According to the Indianapolis Star, the winning driver earns about 25 to 30 percent of the Indy 500 purse. Based on past data, the 2019 winning driver is expected to earn at least $2 million with a majority of winners earning about $2.4 to $2.5 million since 2010.
The Indy 500 purse differs from most sports given the specific amount varies based on each driver’s performance during the race. Not only is the prize money distributed based on finishing position, but a driver earns additional money for each lap led during the race. A driver earns $250 for each lap led as part of a $50,000 lap prize money fund and the pole winner also earns a prize, per the Indianapolis Star. Indianapolis Motor Speedway historian Donald Davidson spoke with the Indianapolis Star about the variable nature of each driver’s earnings.
“When you look, you would think the money would descend, but it doesn’t,” Davidson told the Indianapolis Star. “If somebody leads a lot of laps and then breaks down, or there’s been many times when the pole car was dead last or out early, and when you look at the prize money its equivalent to fourth or fifth place.”
The Winner of the Indy 500 Earns the Borg-Warner Trophy & Typically Drinks Milk as Part of the Race’s Tradition
It is as much about the prestige associated with winning the Indy 500 as it is the financial incentive for winning the race. As part of the race’s tradition, the winner typically drinks milk after the race as the Indianapolis Motor Speedway detailed.
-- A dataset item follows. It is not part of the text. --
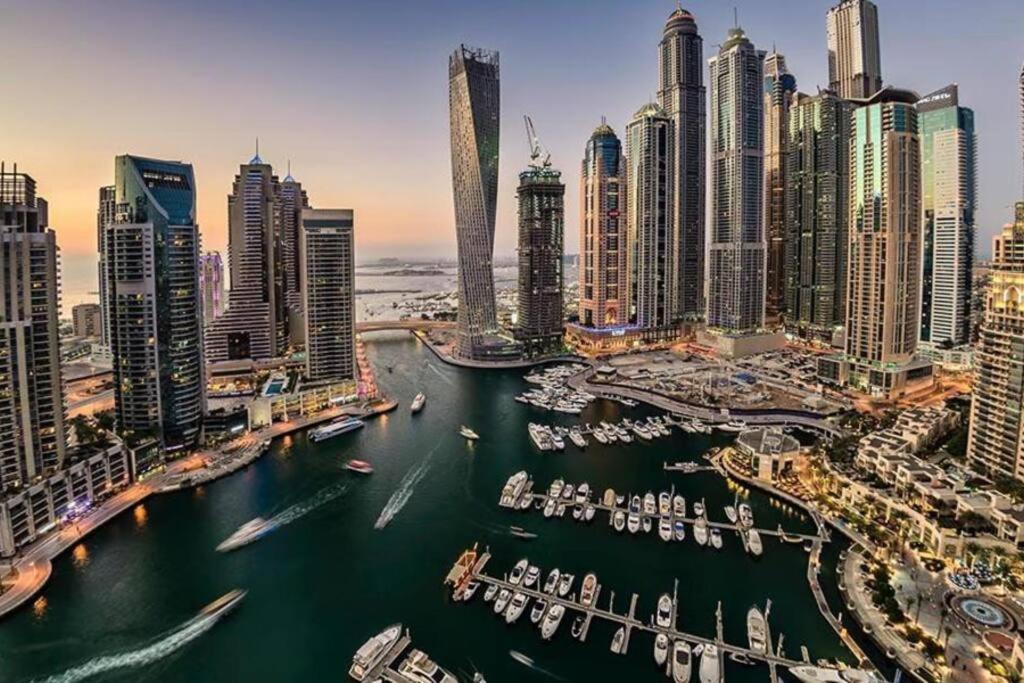 Apartment Elegant Near Jbr *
Three-time Indianapolis 500 winner Louis Meyer regularly drank buttermilk to refresh himself on a hot day and happened to drink some in Victory Lane as a matter of habit after winning the 1936 race. An executive with what was then the Milk Foundation was so elated when he saw the moment captured in a photograph in the sports section of his newspaper the following morning that he vowed to make sure it would be repeated in coming years. There was a period between 1947-55 when milk was apparently no longer offered, but the practice was revived in 1956 and has been a tradition ever since.
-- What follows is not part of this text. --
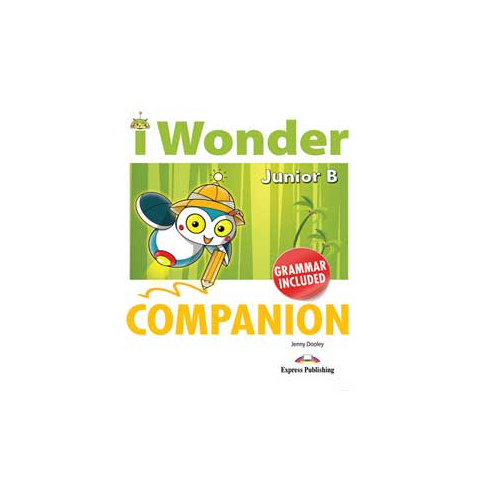 i Wonder Junior B Companion & Grammar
The winner also gets their face carved into the Borg-Warner Trophy, a tradition that started in 1936. A new base had to be added to ensure there was enough space for new winners to be featured on the trophy, per Indianapolis Motor Speedway.
The new winner has been added every year since, and in 1986 (the trophy’s 50th anniversary), the final space became filled. The solution for 1987 was to add a base, but this too became filled, and in 2004, an even larger version replaced it, this one with enough spaces to last through 2034. The only sculptured face not of a winning driver is that of the late Speedway Tony Hulman, whose likeness, in gold, was placed on the base in 1987.